OODBMS: Unstructured. Are you sure it is unstructured? Objects are like cee structs (structures). It's probably still structured, but structured differently. Lots of corporate resistance and comparatively little market penetration. People tend to be pretty picky about where they store their company's lifeblood (i.e., data). Strangely, they jump head first onto whatever programming language de jour is being advertised in the weekly trade rags, but that's besides the point. Object databases can be used to grind reams of data just like an RDBMS, but you have to build lots of the infrastructure yourself. Object databases can solve the problem I hinted at earlier, which is this: efficiently traversing data relationships.

Just like with a relational database, if you're doing anything serious with an object database, you will need the expertise of a very qualified engineer in order to squeeze performance out of your server.

Efficiently traversing relationships: Relational databases don't do this well because it's hard to arrange locality of storage. If I read an employee, then his department, then his office, etc, etc... I'm going to have to return to the database several times. Object databases, on the other hand, let you cluster related data together, enabling you to traverse relationships more efficiently.

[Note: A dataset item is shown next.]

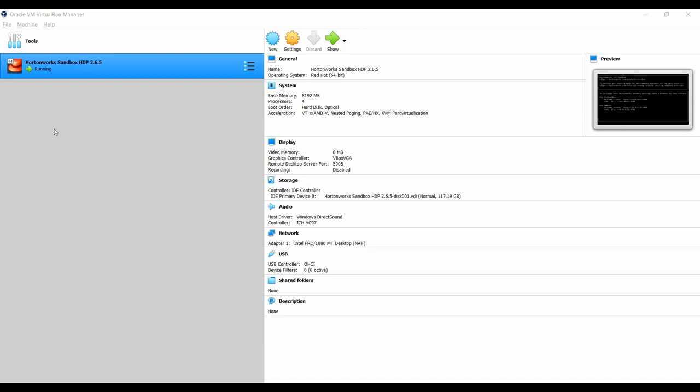Hello and welcome back to the channel. This lecture is all about querying Cassandra using Presto. In the previous lectures we have seen what Presto is, why we are using it, and we have submitted SQL queries on top of our Hive database. Now let's query Cassandra and Hive together in this lecture.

So what? Well, the GemStone application I worked on was a case management system. It's never going to be used to grind over tables and generate reports. The only thing anybody ever does with it is traverse object relationships. I seriously doubt that it would have worked even half as well with a relational database behind it.

Oh, and one more plus for object databases... well, GemStone in particular: it's much better to write server code in the same language that the client is using. This allows you to share (sometimes) code and (oftentimes) concepts between the two places. GS allows you to do this with Smalltalk and the Java. Oracle's starting to get a clue by letting you do some of it in Java. -- AnthonyLander

Does storing of tables (whether RDBMS or OODBMS) have anything to do with performance? Like, for example, you can store one field in an RDBMS on consecutive disks to increase write speed. And if at all there is a better way to store hierarchy of objects, we can expect better-performing OODBMS. -- SeshKumar

Databases were oriented towards data long before object-oriented programming languages started to appear (Simula 1967, SmallTalk, C++ and Java a lot later). An ObjectOrientedDatabase is actually not oriented towards objects, but towards the programming language, and since C++ and Java are poor at searching and indexing, so are the OODBs. From the view of object-orientation and data management, this is a step back from RelationalDatabase technology.

The last sentence there doesn't seem to have anything to do with the previous ones. Could you explain why "from the view of object-orientation and data management, this is a step back"?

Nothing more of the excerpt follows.